Dünyanın gidişi, varlıklı ülkelerde, «sosyetesi» köklü olan ülkelerde, smokinin fırakın doğduğu ülkelerde bile bu iken, biz de «kıyafet» mecburiyetinin alanı yayıldıkça yayılıyordu.
Şimdi sevinerek öğreniyoruz ki, Ankara Devlet Operası, gala gecelerinden bu mecburiyeti kaldırmış. Mevsimin ilk gala gecesine, bazıları yine, ve kendi istekleriyle «kıyafetli» gittikleri halde —buna elbette kimse bir şey diyemez— bazıları da, o arada iki Millî Birlik Komitesi üyesi de, günlük sivil esvaplarıyla gitmişler.
Fakat haftalık bir derginin «cemiyet» sayfası yazarı, nedense bu durumu «eğlenceli» buluyor; «sosyalizm merakı» nın sebep olduğu bir «demagojik» hareket sayıyor, bir özenti gibi gösteriyor.
Bir özentiden vazgeçmek neden özenti olsun?
Başkentin bir halk tiyatrosunda ortalama memur bütçesinin takatini pek çok aşan bir «kıyafet» mecburiyetinin kaldırılması neden «sosyalizm» sayılsın?
Bir sanat olayına, kılık kıyafet teşhiri için değil de sanat için gitmek neden demagojik bir hareket olarak görülsün?
Bugünün dünyasında, «eğlenceli durum», «cemiyet» sayfası yazarının sandığı gibi, bir halk tiyatrosunun gala gecesine günlük esvapla gitmek değil, gala gecesi için «kıyafet» mecburiyeti koşmaktır.

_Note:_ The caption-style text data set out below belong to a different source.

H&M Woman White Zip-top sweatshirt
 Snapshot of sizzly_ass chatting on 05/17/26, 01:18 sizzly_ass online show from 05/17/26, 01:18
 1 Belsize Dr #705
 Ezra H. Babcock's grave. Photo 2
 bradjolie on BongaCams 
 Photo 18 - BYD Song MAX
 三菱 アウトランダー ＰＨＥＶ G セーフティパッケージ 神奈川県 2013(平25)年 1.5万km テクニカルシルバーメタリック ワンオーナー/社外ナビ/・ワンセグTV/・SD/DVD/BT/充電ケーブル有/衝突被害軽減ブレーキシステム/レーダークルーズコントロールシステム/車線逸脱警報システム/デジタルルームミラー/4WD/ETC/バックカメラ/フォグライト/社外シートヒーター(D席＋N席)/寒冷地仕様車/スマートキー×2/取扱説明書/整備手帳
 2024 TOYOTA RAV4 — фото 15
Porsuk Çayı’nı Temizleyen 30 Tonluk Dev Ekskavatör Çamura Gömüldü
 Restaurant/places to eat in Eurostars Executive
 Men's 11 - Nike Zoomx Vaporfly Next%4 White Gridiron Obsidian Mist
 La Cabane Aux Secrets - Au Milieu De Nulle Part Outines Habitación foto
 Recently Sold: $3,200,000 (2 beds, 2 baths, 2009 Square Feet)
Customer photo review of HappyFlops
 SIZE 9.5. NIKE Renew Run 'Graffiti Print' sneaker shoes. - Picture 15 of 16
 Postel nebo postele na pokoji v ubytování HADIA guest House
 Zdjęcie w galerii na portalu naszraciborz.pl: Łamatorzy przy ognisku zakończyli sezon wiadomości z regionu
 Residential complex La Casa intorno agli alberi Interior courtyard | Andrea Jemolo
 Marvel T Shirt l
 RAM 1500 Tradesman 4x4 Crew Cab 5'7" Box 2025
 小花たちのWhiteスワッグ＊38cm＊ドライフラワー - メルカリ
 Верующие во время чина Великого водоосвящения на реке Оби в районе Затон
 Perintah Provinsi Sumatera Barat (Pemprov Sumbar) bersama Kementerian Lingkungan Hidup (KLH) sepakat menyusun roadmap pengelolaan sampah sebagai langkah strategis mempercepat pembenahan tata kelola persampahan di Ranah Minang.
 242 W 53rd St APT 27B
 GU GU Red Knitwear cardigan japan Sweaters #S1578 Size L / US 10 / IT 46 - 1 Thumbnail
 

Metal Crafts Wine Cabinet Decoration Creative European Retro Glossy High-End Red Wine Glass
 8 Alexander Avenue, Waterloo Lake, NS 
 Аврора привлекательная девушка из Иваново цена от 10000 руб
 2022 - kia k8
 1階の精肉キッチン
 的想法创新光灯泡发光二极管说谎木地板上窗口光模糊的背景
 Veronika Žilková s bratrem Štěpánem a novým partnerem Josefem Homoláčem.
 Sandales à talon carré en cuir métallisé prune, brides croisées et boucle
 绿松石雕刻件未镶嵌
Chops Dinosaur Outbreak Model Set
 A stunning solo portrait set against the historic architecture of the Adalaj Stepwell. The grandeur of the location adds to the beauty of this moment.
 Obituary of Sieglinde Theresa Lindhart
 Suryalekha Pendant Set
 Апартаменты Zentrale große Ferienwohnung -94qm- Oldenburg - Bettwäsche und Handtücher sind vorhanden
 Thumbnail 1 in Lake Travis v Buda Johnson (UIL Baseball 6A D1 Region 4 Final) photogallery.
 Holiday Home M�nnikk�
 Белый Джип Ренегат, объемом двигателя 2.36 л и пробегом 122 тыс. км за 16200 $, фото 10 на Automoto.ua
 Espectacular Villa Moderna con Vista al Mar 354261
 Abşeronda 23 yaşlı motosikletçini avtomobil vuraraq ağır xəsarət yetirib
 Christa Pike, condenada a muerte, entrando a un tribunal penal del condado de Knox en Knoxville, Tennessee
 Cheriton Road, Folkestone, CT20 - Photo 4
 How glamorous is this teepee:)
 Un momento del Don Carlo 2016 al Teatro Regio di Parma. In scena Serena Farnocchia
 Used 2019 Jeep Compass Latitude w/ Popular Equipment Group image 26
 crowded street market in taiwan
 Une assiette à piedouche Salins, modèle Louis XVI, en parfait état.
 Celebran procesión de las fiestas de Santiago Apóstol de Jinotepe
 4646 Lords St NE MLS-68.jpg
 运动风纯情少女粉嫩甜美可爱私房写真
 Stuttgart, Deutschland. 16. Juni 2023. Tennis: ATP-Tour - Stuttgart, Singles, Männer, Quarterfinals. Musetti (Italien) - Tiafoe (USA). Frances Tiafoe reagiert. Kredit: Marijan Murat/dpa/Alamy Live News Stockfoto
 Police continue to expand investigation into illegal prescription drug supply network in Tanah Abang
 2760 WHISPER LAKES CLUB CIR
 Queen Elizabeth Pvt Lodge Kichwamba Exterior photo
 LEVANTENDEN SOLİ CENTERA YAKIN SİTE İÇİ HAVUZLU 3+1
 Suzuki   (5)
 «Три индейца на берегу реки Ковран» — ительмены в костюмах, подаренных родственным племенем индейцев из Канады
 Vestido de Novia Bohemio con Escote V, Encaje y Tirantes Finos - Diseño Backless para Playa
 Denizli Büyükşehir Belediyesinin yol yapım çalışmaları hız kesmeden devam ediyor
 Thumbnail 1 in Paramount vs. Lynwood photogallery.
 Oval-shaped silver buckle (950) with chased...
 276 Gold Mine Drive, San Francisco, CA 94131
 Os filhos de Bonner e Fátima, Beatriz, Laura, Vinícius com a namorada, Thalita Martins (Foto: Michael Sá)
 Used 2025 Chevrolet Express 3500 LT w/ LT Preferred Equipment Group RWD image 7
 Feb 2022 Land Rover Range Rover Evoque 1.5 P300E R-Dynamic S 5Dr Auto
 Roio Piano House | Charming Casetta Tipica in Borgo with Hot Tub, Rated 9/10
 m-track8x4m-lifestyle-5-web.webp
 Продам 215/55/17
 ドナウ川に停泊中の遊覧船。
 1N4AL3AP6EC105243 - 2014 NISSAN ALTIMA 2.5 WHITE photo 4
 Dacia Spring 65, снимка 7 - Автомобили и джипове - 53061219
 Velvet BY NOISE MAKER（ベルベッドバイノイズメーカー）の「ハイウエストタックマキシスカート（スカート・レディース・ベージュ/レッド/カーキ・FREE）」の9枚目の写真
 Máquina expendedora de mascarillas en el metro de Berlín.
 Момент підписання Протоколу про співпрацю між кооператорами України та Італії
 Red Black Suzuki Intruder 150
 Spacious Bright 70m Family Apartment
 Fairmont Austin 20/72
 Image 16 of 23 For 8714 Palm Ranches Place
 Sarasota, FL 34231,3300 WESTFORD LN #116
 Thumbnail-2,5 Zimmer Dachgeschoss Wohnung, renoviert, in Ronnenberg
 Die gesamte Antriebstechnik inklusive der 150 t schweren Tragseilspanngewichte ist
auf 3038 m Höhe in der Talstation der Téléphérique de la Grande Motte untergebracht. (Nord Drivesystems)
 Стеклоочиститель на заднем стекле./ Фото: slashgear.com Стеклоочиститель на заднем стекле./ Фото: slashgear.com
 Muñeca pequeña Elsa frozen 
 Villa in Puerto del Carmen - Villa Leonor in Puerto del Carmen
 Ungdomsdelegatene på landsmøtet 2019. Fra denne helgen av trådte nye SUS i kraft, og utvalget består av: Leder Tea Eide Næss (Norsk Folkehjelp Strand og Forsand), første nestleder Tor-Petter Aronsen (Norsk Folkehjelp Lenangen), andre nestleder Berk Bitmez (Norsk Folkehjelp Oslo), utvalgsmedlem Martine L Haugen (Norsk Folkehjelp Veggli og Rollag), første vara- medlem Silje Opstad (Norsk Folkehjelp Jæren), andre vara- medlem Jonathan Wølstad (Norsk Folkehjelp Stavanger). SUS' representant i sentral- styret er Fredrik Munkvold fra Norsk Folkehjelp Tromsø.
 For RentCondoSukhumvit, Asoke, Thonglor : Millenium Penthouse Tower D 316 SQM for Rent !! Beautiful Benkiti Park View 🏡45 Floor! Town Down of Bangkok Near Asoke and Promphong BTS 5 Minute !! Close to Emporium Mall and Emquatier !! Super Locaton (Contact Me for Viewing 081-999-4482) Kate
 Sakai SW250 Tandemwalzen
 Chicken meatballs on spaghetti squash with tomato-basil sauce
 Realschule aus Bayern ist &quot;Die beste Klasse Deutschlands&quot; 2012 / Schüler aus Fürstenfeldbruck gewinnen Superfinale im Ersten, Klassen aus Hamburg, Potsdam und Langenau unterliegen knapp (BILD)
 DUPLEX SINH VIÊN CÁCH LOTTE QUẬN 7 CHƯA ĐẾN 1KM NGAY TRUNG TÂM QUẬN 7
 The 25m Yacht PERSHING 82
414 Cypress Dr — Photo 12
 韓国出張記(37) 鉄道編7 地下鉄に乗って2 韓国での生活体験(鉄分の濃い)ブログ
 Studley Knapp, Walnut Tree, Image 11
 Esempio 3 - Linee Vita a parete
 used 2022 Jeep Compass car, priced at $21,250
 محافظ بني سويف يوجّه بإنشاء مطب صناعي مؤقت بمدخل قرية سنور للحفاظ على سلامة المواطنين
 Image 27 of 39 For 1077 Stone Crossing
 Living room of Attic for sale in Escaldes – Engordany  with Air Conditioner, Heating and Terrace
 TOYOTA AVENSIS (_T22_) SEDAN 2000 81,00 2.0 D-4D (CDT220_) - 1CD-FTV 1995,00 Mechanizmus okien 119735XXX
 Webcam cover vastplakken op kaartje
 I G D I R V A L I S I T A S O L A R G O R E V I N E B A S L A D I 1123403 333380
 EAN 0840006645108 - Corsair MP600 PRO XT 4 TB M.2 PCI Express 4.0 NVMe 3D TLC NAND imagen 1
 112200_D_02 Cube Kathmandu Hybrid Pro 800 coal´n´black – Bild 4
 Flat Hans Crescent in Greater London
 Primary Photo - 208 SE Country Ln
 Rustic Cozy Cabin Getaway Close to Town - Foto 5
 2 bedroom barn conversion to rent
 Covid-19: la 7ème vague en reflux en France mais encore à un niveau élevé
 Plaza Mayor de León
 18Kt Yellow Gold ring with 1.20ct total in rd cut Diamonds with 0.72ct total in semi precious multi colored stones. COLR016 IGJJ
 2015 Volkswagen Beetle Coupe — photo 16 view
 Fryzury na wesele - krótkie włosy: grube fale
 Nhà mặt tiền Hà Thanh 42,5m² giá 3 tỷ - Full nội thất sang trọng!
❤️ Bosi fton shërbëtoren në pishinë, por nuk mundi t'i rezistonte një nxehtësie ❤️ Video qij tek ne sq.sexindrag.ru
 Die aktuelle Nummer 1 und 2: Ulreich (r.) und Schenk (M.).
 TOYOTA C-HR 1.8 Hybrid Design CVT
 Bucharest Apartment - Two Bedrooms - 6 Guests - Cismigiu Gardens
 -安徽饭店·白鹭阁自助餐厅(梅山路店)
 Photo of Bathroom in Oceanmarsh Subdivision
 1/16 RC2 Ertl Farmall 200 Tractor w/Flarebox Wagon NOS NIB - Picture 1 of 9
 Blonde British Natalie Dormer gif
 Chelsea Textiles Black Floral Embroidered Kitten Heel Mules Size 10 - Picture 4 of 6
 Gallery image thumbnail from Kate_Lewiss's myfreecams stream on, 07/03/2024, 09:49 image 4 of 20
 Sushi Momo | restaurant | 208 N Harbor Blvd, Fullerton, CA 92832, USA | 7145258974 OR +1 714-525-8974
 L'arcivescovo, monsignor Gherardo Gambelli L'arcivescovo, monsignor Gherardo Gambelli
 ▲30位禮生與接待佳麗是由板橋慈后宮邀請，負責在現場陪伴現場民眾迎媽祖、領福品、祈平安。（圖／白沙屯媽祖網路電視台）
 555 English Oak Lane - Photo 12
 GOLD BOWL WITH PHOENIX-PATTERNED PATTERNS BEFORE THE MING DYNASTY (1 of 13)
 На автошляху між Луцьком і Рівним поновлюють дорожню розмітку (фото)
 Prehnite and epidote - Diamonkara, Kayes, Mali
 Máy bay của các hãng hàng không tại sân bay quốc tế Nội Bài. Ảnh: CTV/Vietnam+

Nasıl Cumhuriyetin ilk yıllarında istasyona Bakan karşılamağa giden bazı memurların silindir şapka ve bonjur giydiklerine dair yalan veya doğru hikâyeler bugün insana pek «eğlenceli» geliyorsa, günümüzde bir halk tiyatrosunun gala gecesinde «kıyafet» mecburiyeti de bunun gibi «eğlenceli» bir durum yaratmakta idi.
«Birçok alanlarda, sonradan görmeliğin, zorla «sosyete» yaratma hevesinin getirdiği bir özenticiliği sona erdirmekle, ziyafetlerden, karşılama törenlerinden «kıyafet» mecburiyetine kadar her hususta, şu varlıksız ulusu, maddi gücünü çok aşan israflardan kurtarmakla, Millî Birlik İdaresi, pek doğru hareket etmektedir.